A device to manufacture spherical alginate beads of suitable diameter (~ 2 mm diameter) for experiments was constructed from a thin aluminum sheet (0.079 cm).
The device is essentially an open box with an array of 64 specially-shaped apertures formed in the surface of the bottom plate. Each aperture consists of three parts: a dimple, a shoulder, and an orifice (see diagram). Liquid alginate is poured into the box and beads will form under gravity flow. The liquid drips into a receptacle containing a hardening solution. As the liquid level in the device decreases, the flow rate slows. Liquid alginate has high surface tension; hence, during their fall and quick hardening, the beads are spherical. The showerhead satisfies the following set of conditions: no pressurized air is needed; beads form under the pull of gravity; beads are a suitably small diameter; bead diameters are consistent; rate of formation is rapid; apparatus can be autoclaved for sterilization, and adequate amounts of alginate solution can be processed at one time.
The main design problems were to establish the appropriate diameter of the holes to control flow rate and to prevent alginate from bridging the space between the adjacent orifices, which would create beads of inconsistent diameter. The diameter of the apertures (holes) (0.137 cm) is small enough that, when the surface of the liquid is 15 cm above the surface of the showerhead, the flow of liquid alginate forms individual beads, but is large enough for the container to completely drain in a few minutes.
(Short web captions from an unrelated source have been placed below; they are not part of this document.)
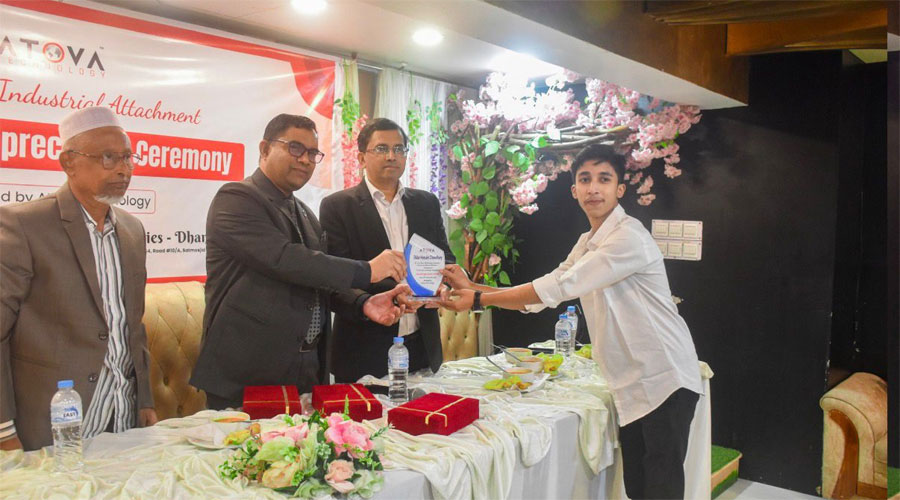 প্রশিক্ষণার্থীদের সংবর্ধনা দিল এটোভা টেকনোলজি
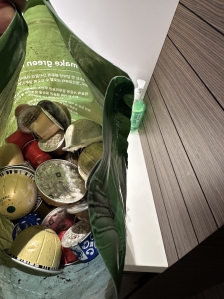 오랜만에 재활용커피캡슐 매장에 가져다 주었네요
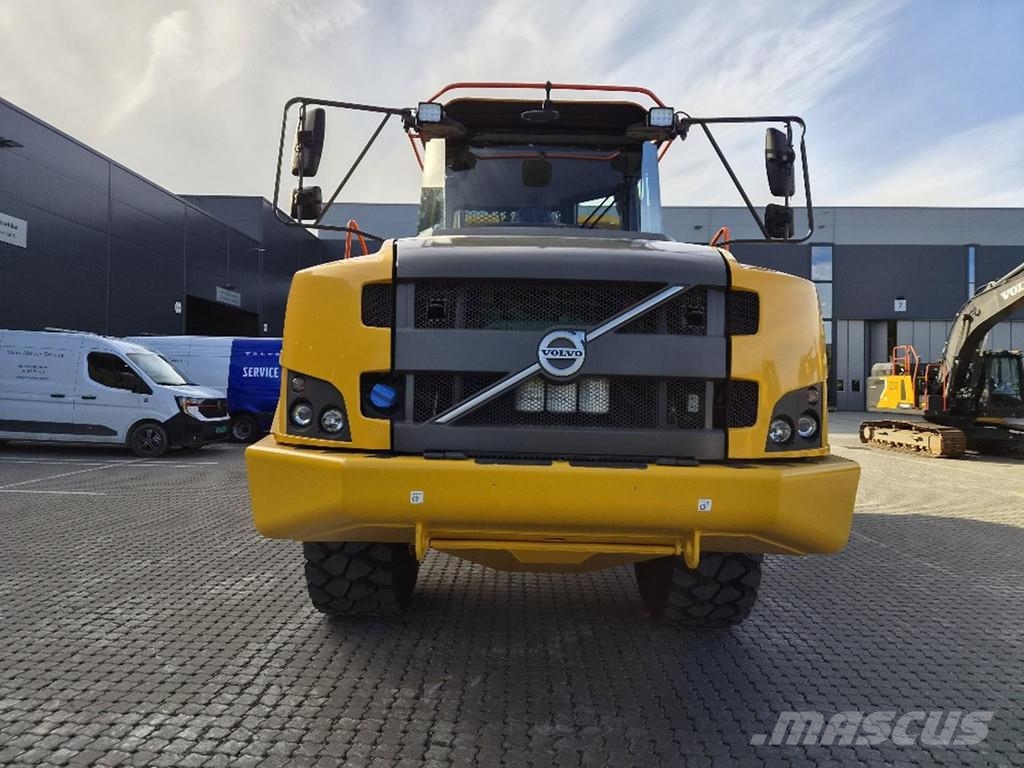 Volvo A25G 鉸接式起吊車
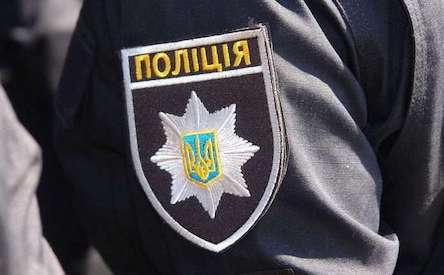 Свежие новости: В Николаеве неизвестные порезали агитационную палатку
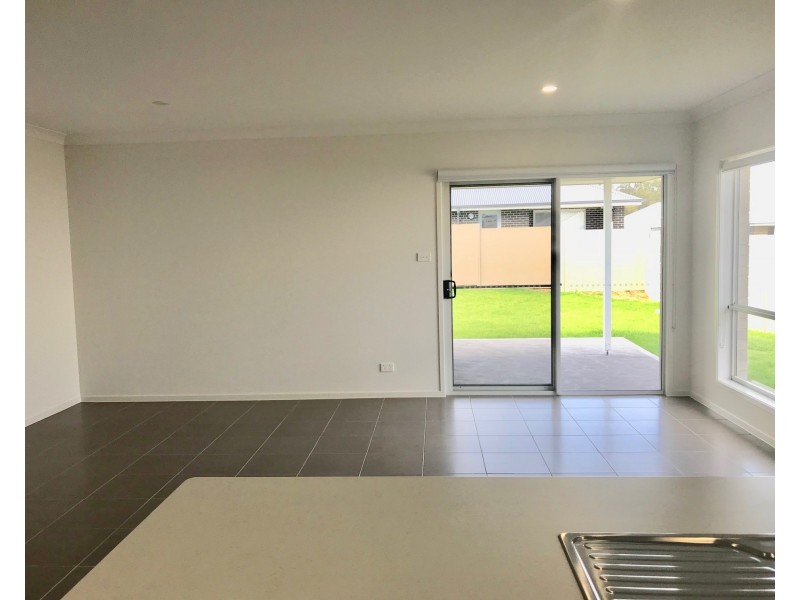 50 Triton Boulevard, North Rothbury NSW 2335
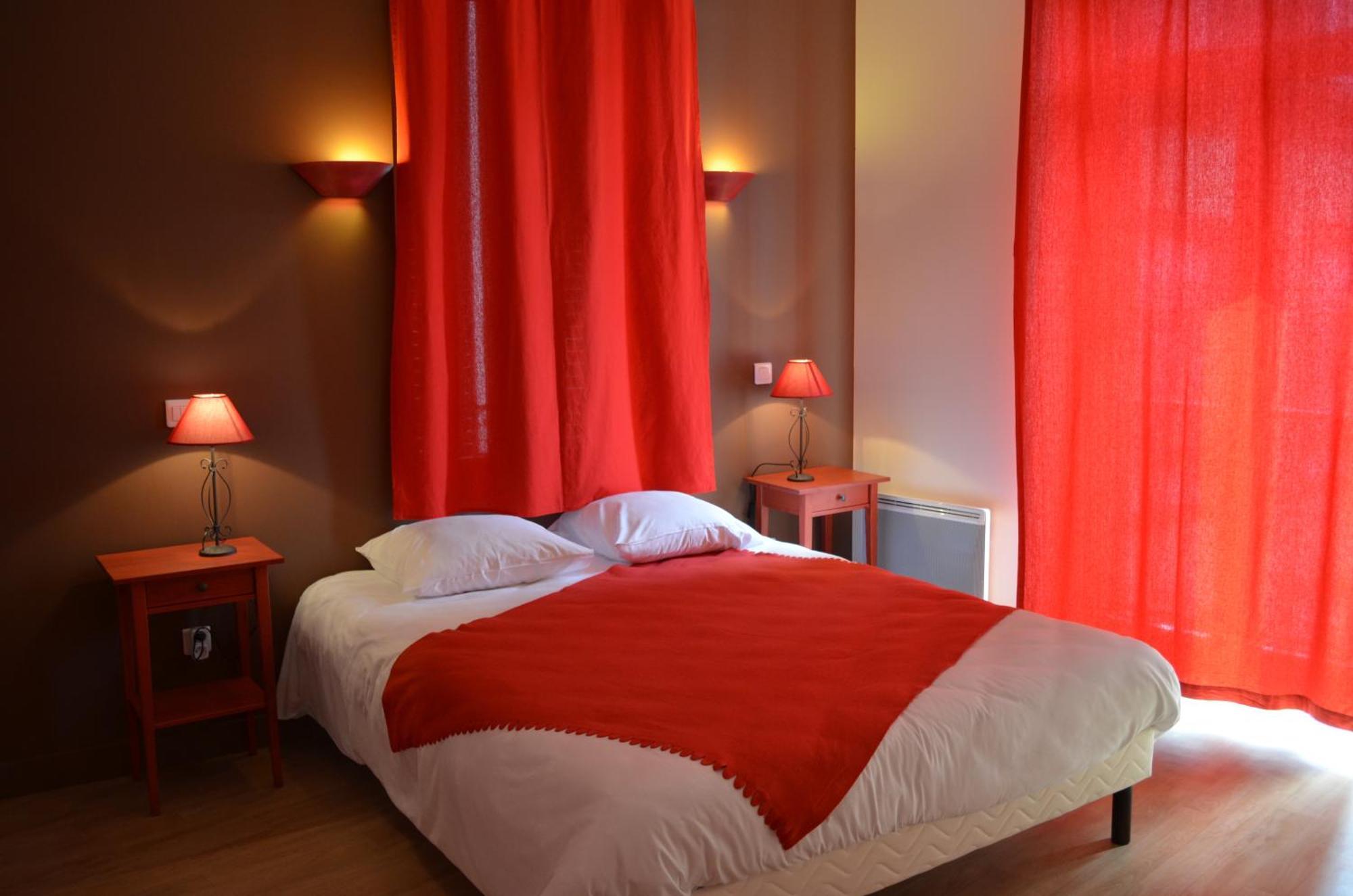 Le Geneve Hotell La Bourboule Rum bild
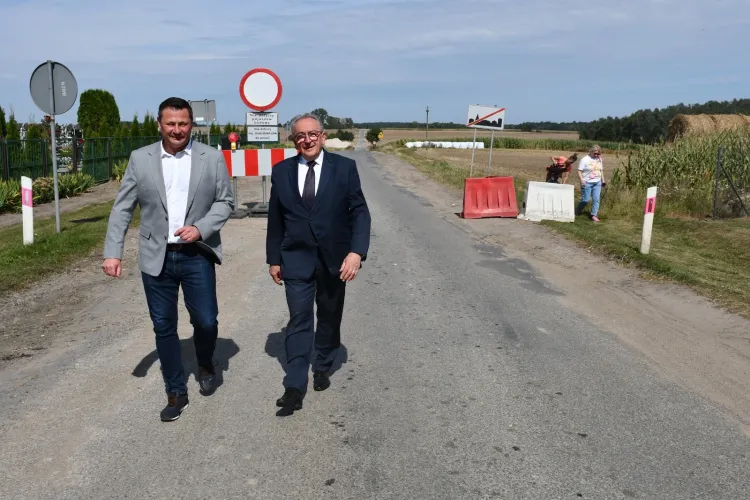 DW 190 Podr&oacute;żna &ndash; Bądecz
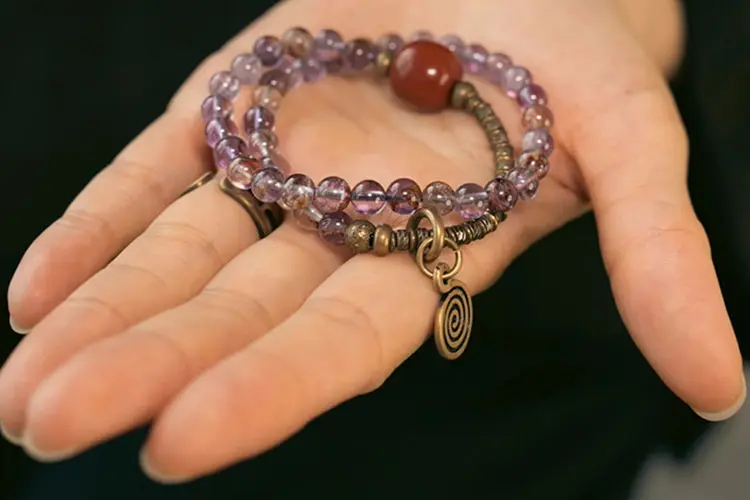 Red Flower Crystal & Alxa Agate Beaded Bracelet | Zen Flow & Protection 7 - Buddha Bodhis Red Flower Crystal & Alxa Agate Beaded Bracelet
To prevent liquid alginate from bridging, dimples were punched into the surface of the aluminum sheet metal. The dimples are deep enough to prevent alginate from climbing up the dimple surface to an adjacent dimple. Dimples were formed by deforming 0.079-cm aluminum sheet metal between a hemispherical 0.635-cm-diameter punch and a steel plate with a concentric 0.673-cm hole through a distance of 0.216 cm. Dimples were then perforated in the center with a 0.137-cm diameter needle from the inside. The perforation operation formed a drip edge shoulder of torn aluminum approximately 0.064 cm deep. The low area drip edge is necessary to combat the high adhesion of the alginate and to form
beads that separate from the aperture under gravity, when suitably small. The device produces a half-liter of alginate beads in about 5 min. Larger devices, with the same nozzle design, will produce larger quantities of beads.